In the Washington region, there have been about 15 federal cases this decade.
Ronald Weitzer, a criminologist at George Washington University and an expert on sex trafficking, said that trafficking is a hidden crime whose victims often fear coming forward. He said that might account for some of the disparity in the numbers, but only a small amount.
“The discrepancy between the alleged number of victims per year and the number of cases they’ve been able to make is so huge that it’s got to raise major questions,” Weitzer said. “It suggests that this problem is being blown way out of proportion.”
Government officials define trafficking as holding someone in a workplace through force, fraud or coercion. Trafficking generally takes two forms: sex or labor. The victims in most prosecutions in the Washington area have been people forced into prostitution. The Department of Health and Human Services “certifies” trafficking victims in the United States after verifying that they were subjected to forced sex or labor. Only non-U.S. citizens brought into this country by traffickers are eligible to be certified, entitling them to receive U.S. government benefits.
Administration officials acknowledge that they have found fewer victims than anticipated. Brent Orrell, an HHS deputy assistant secretary, said that certifications are increasing and that the agency is working hard to “help identify many more victims.” He also said: “We still have a long way to go.”
But Tony Fratto, deputy White House press secretary, said that the issue is “not about the numbers. It’s really about the crime and how horrific it is.” Fratto also said the domestic response to trafficking “cannot be ripped out of the context” of the U.S. government’s effort to fight it abroad. “We have an obligation to set an example for the rest of the world, so if we have this global initiative to stop human trafficking and slavery, how can we tolerate even a minimal number within our own borders?”
He said that the president’s passion about fighting trafficking is motivated in part by his Christian faith and his outrage at the crime. “It’s a practice that he obviously finds disgusting, as most rational people would, and he wants America to be the leader in ending it,” Fratto said. “He sees it as a moral obligation.”
Although there have been several estimates over the years, the number that helped fuel the congressional response — 50,000 victims a year — was an unscientific estimate by a CIA analyst who relied mainly on clippings from foreign newspapers, according to government sources who requested anonymity because they were not authorized to discuss the agency’s methods. Former attorney general Alberto R. Gonzales told Congress last year that a much lower estimate in 2004 — 14,500 to 17,500 a year — might also have been overstated.

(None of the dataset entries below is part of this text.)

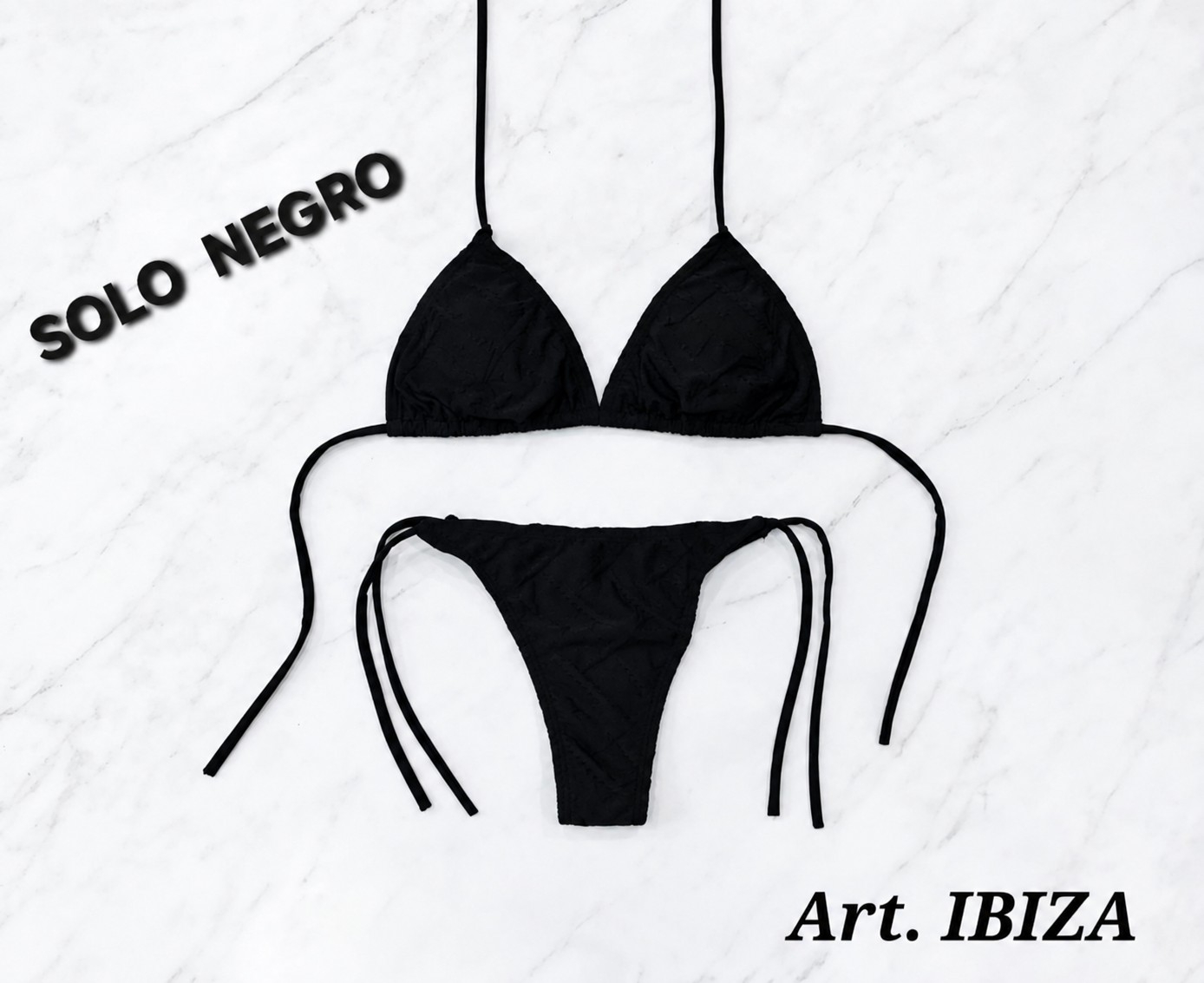 Bikini Art Ibiza Solo Negro - Imagen 3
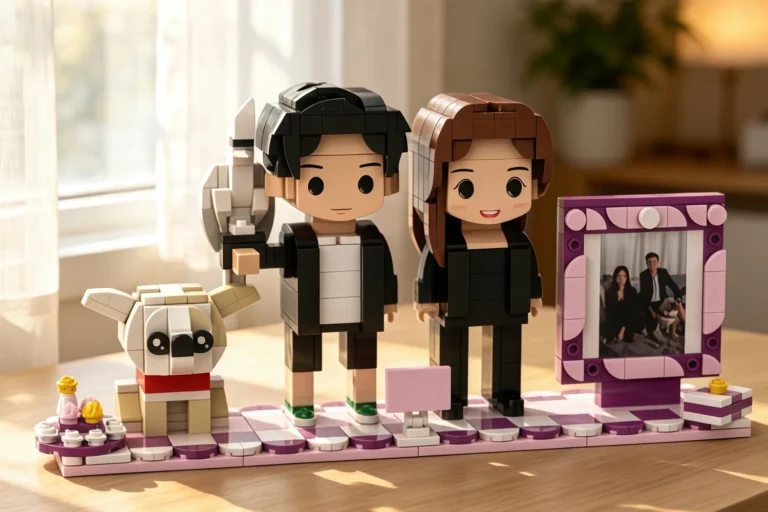 pet brick figures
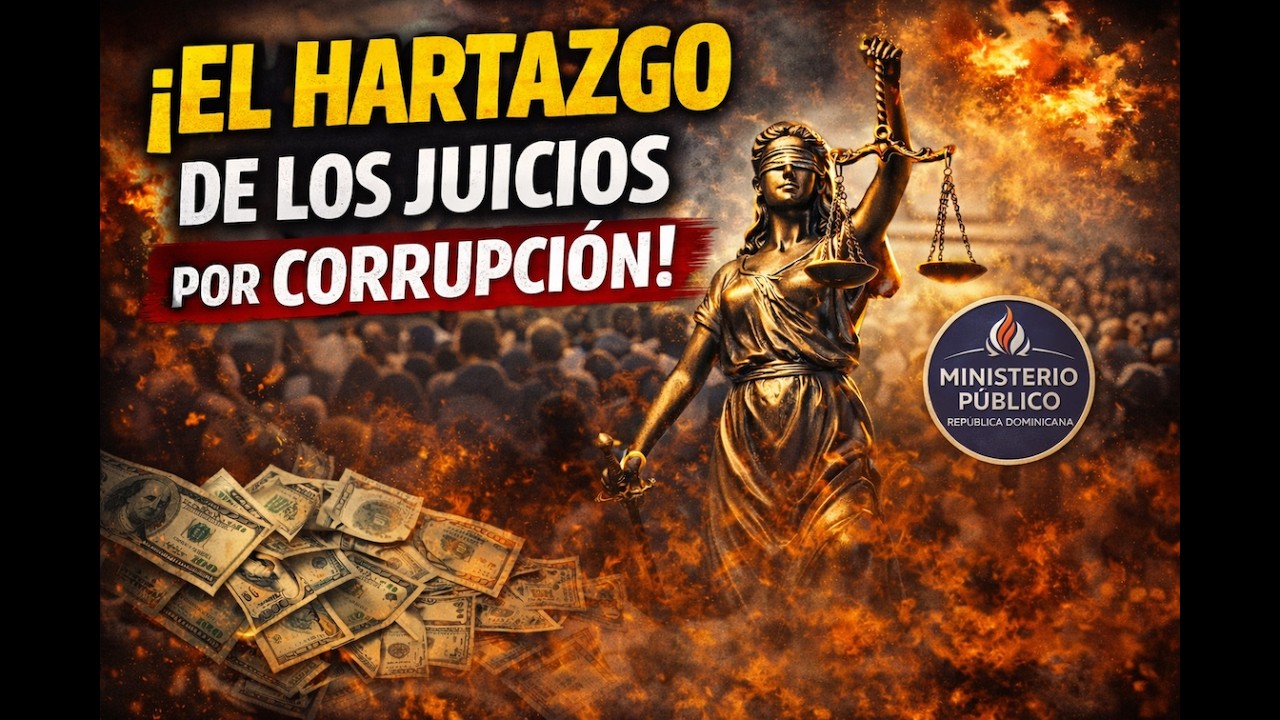 El hartazgo de los juicios por corrupción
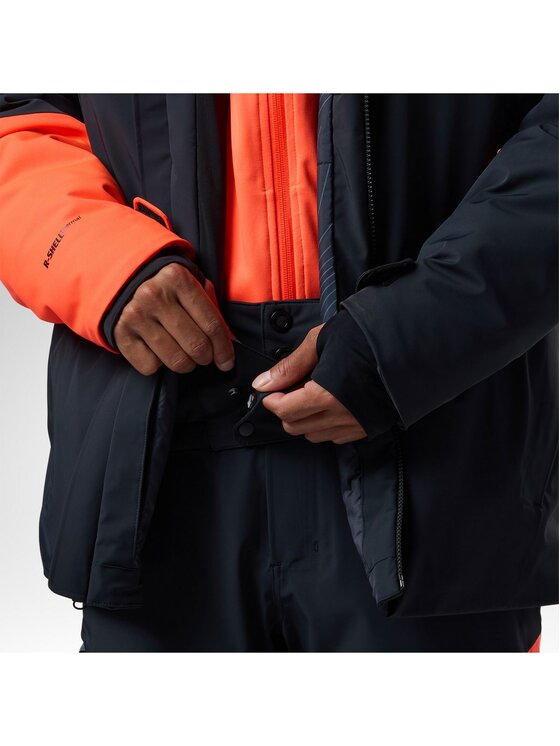 Rossignol Rossignol Kurtka narciarska M Hero 4Ws Insulated Ski Jkt Czarny Regular Fit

Yet the government spent $28.5 million in 2006 to fight human trafficking in the United States, a 13 percent increase over the previous year. The effort has attracted strong bipartisan support.
Steven Wagner, who helped HHS distribute millions of dollars in grants to community groups to find and assist victims, said “Those funds were wasted.”
“Many of the organizations that received grants didn’t really have to do anything,” said Wagner, former head of HHS’s anti-trafficking program. “They were available to help victims. There weren’t any victims.”
Still, the raw emotion of the issue internationally and domestically has spawned dozens of activist organizations that fight trafficking. They include the Polaris Project, which was founded in 2002 by two college students, and the Washington-based Break the Chain Campaign, which started in the mid-1990s focusing on exploited migrant workers before concentrating on trafficking after 2000.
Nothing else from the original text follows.